Aim: The purpose of this study was to evaluate the diagnostic methods, predisposing risk factors and surgical treatment options in patients with translocation of intrauterine devices (IUD).

Material And Methods: Diagnosis, predisposing factors and treatment of 34 patients with translocation of IUD was evaluated in this retrospective study.

Results: Complaints of pain during insertion and history of cesarean section were present in 70.5% and 58.8% of patients, respectively. IUD-related complications were detected in 52.8% of patients. Transvaginal ultrasonography was used to detect translocation of IUD in 55.8% of cases. Laparoscopy was performed in 55.8% of patients.

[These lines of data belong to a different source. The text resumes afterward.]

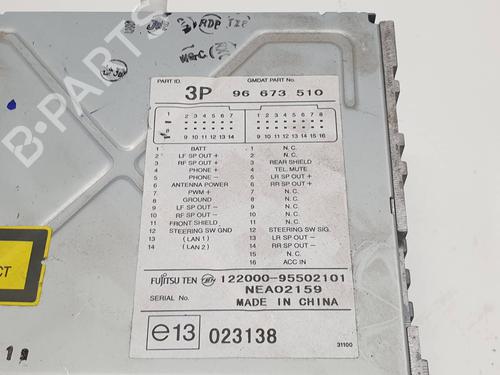 Radio CHEVROLET CAPTIVA (C100, C140) 2.0 D 4WD | BP18707997E6 
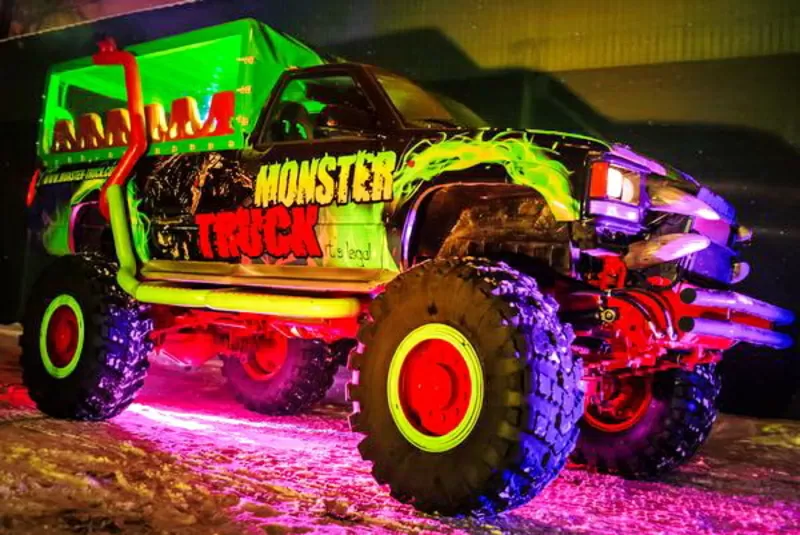Party Bus Monster truck аренда на детский день рождения 2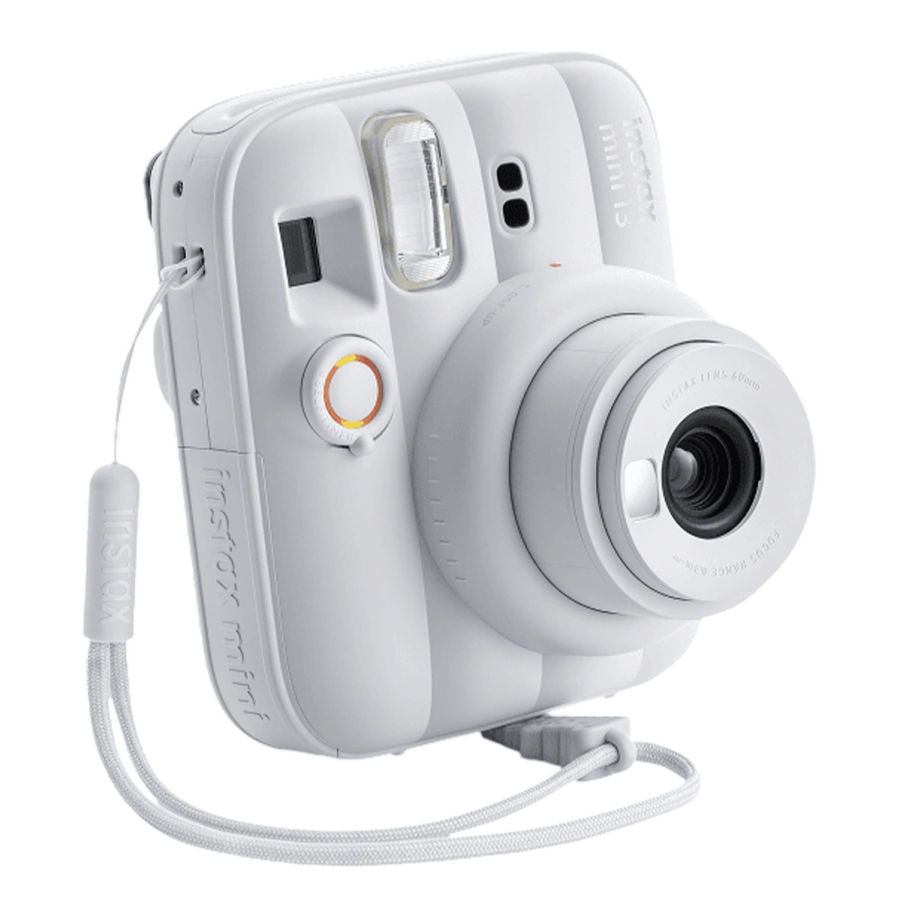Фотокамера миттєвого друку Fujifilm Instax Mini 13 - Clay White (16963137)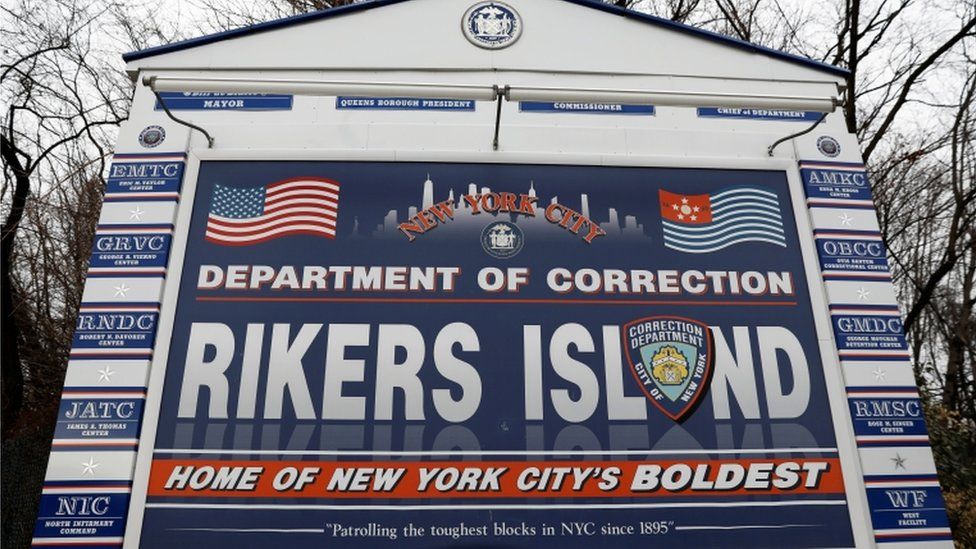 Rikers Island prison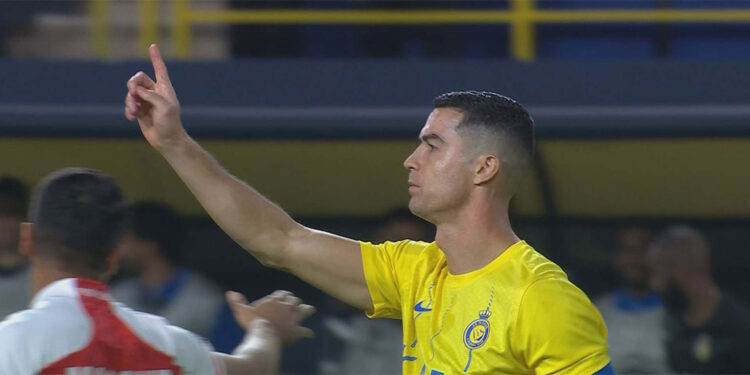 Ronaldo penaltıyı iptal ettirdi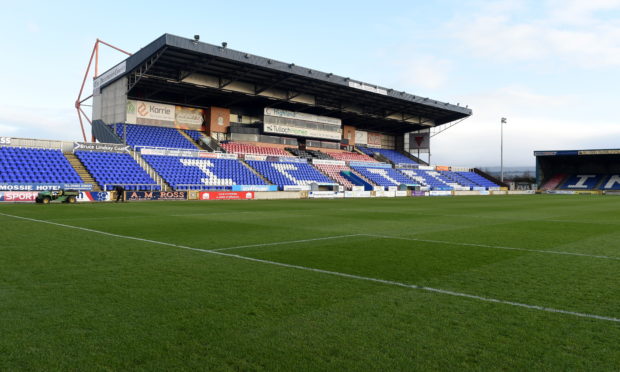 Caledonian Stadium.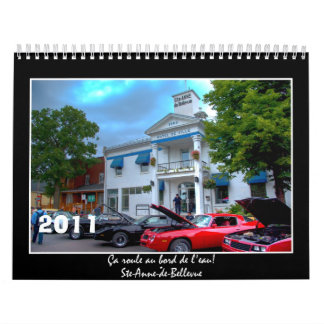 Cruising the Boardwalk, 2011 Kalender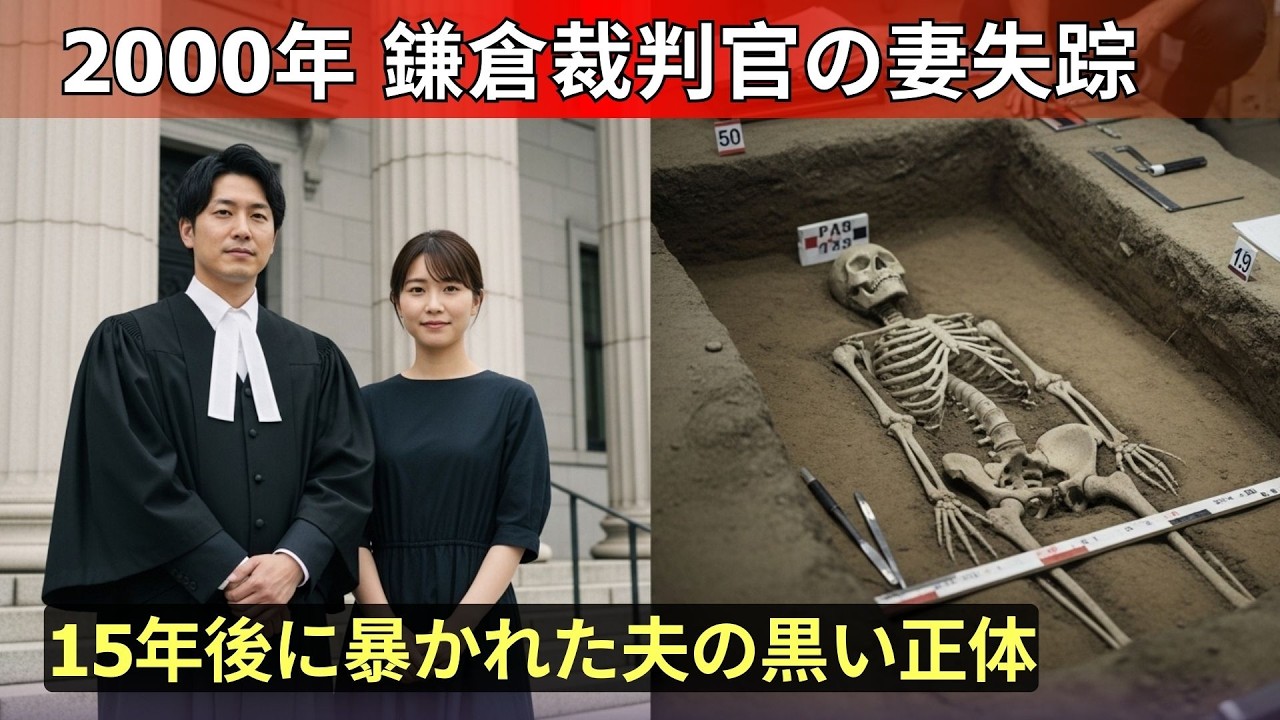 冷徹な裁判官が震え出した理由。妻殺害から15年、時効目前に現れた「生存者」と崩壊した完璧なアリバイ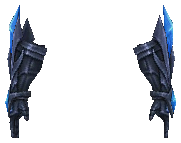 Lightning Light Wizard Gloves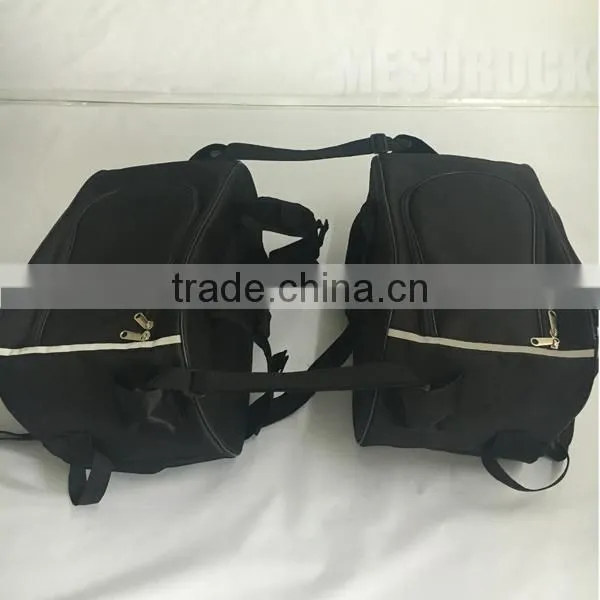 Double Luggage Pannier Bag Motorcycle Carrying Bag Motorcycle Saddle Bag Motorcycle Pannier photo-2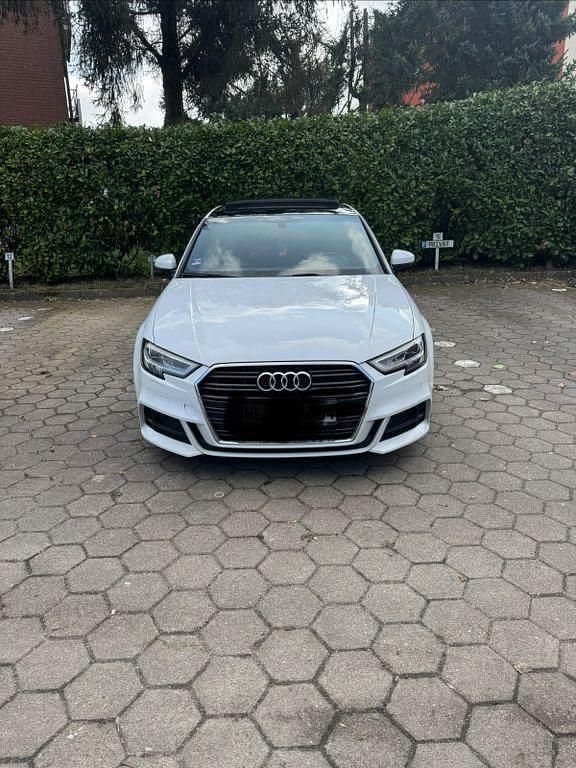 Gebraucht Audi A3 S-Line 150 PS (110 kW) 2018 Weiß Limousine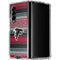 NFL Atlanta Falcons Trailblazer Galaxy Z Fold4 5G Clear Case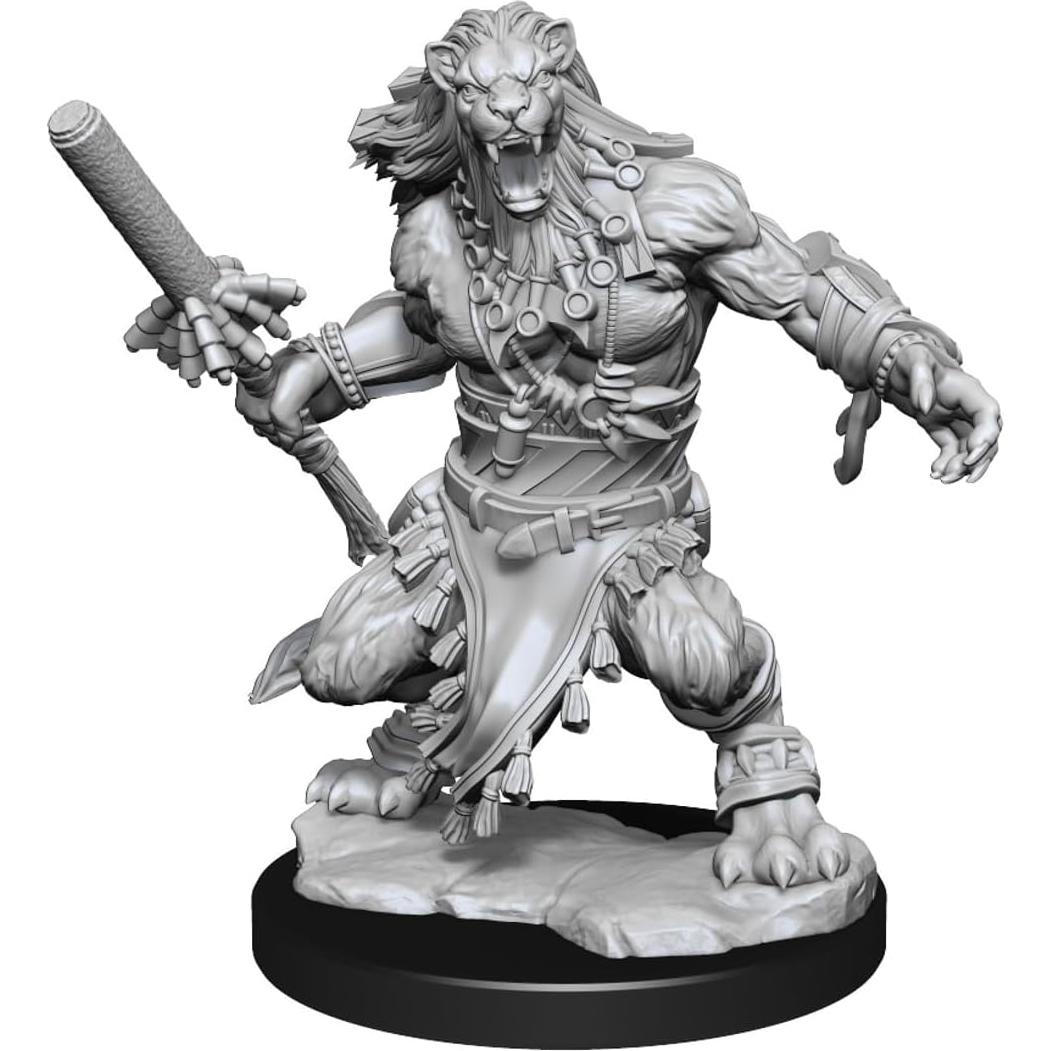 Miniaturas Sin Pintar Nacatls Salvajes WizKids - 2 Unidades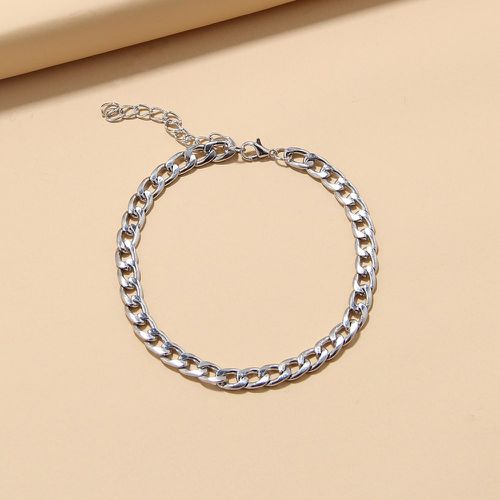 Bracelet à chaîne unicolore minimaliste - SHEIN - Modalova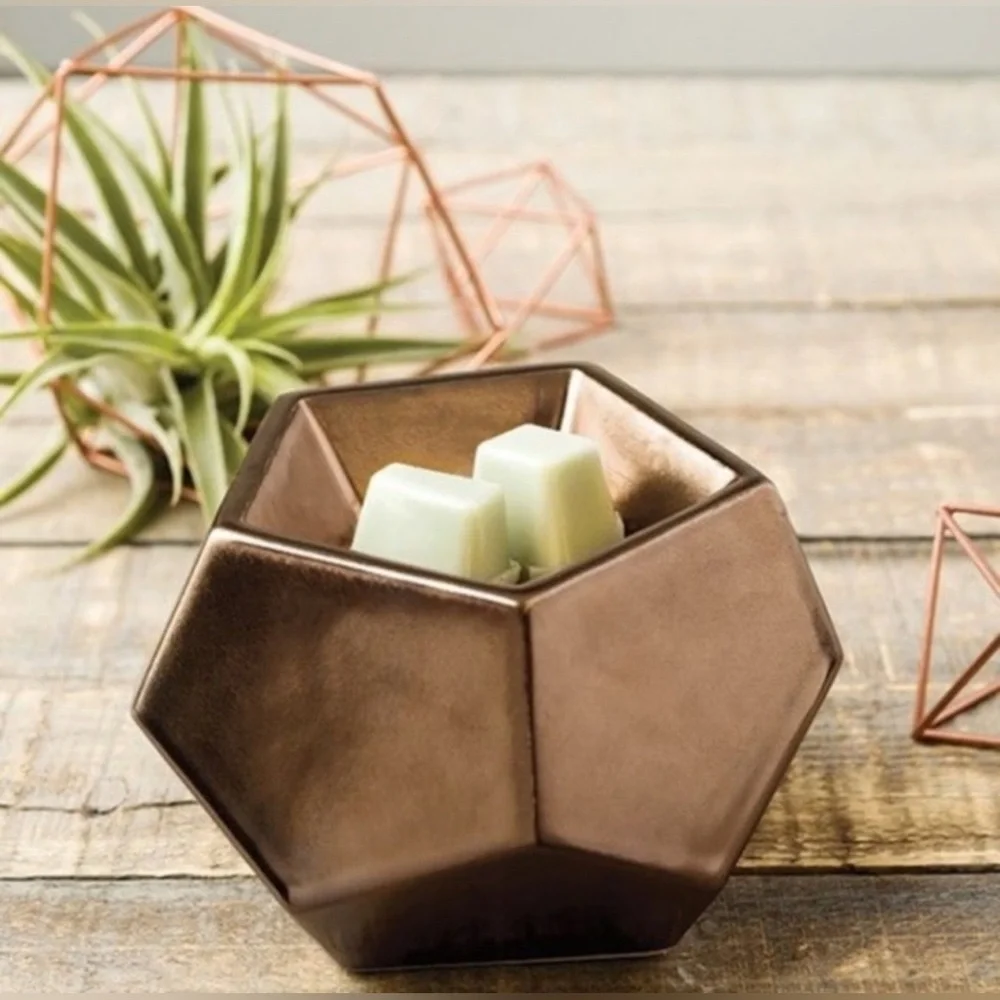 Scentsy Element Wax Warmer - Midnight Copper
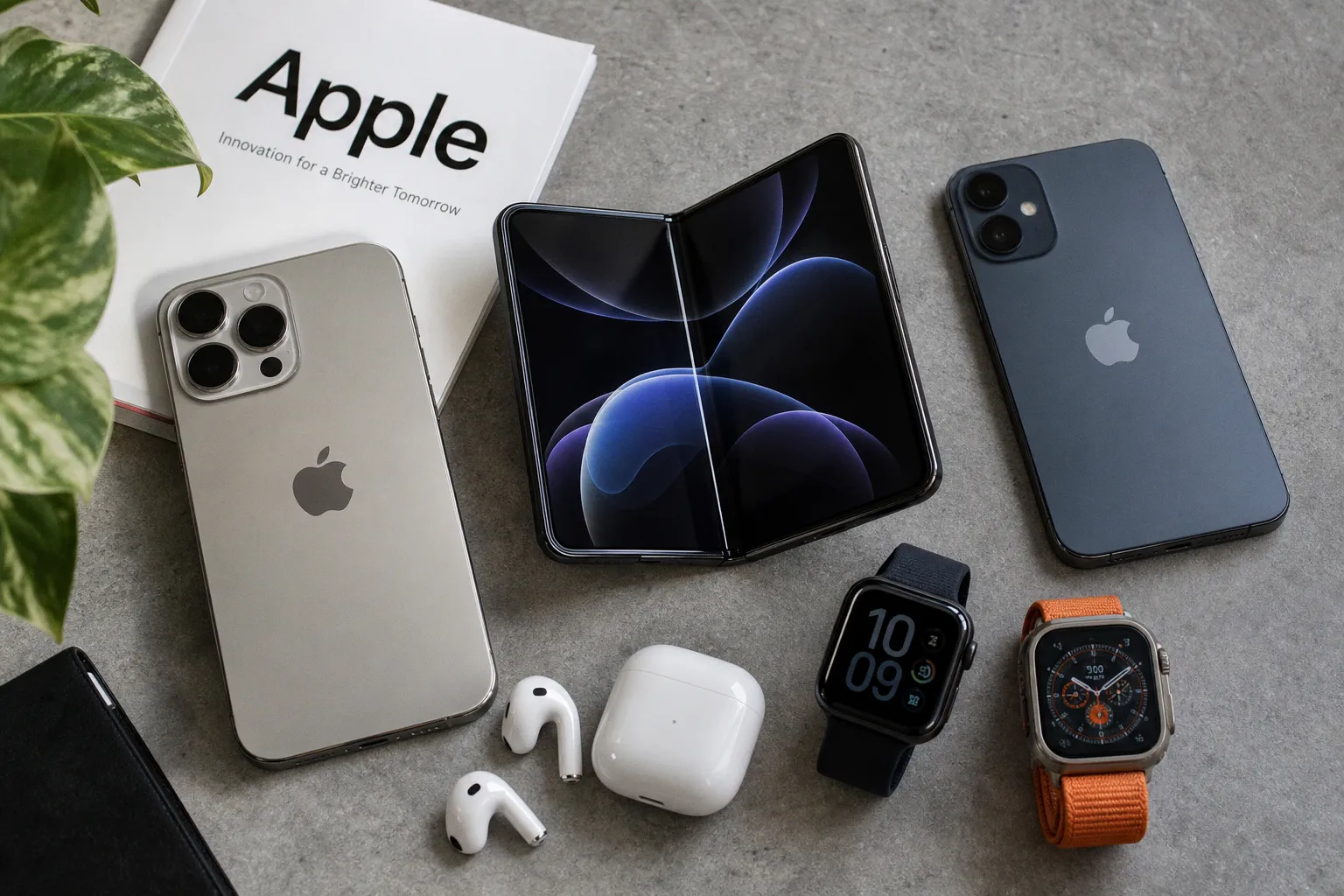 Apple представила складной iPhone Duo и обновленную линейку флагманов
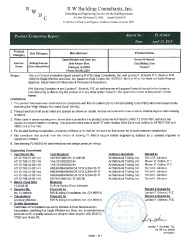 PR TECH DOCS FL8560 R4 AE EVAL 8560.6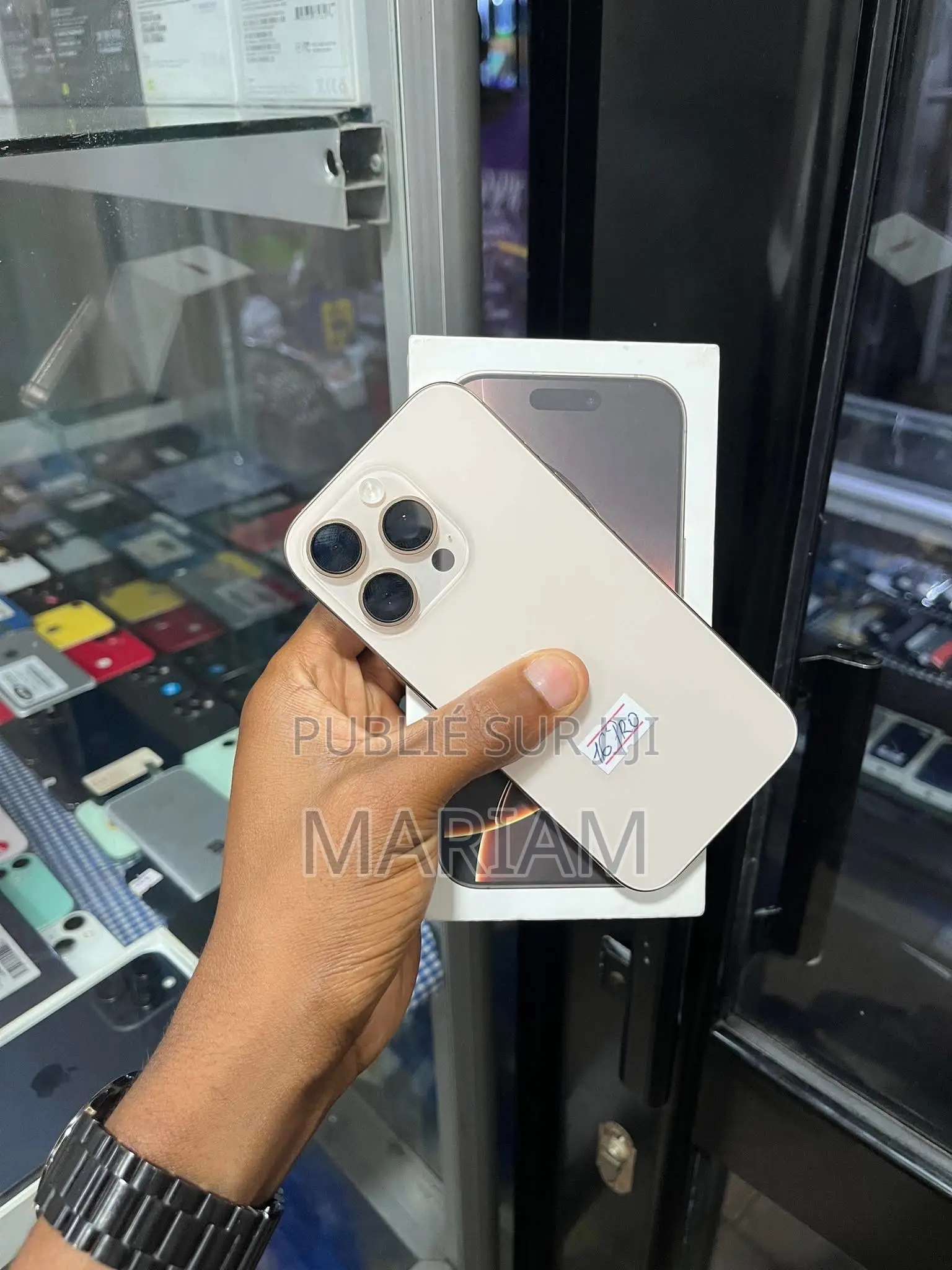 Neuf Apple iPhone 16 Pro 256 GB Autre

Conclusion: There were high rates of history of cesarean section, insertion in the puerperal period and insertion by midwives in patients with translocated IUD. These may be predisposing factors for IUD translocation. The clinician who inserts the IUD should be experienced in this area and obtain sufficient information from the pelvic examination prior to insertion of the device. Gynecological examination should be conducted for a proper diagnosis of translocation of IUD. In the event that the IUD string is not visible in the gynecological examination, transvaginal ultrasonography should be performed. If the IUD is still not visible, then abdominal radiography should be performed. As soon as diagnosis of translocation of IUD has been established, surgical treatment should be planned. First treatment of choice should be laparoscopy.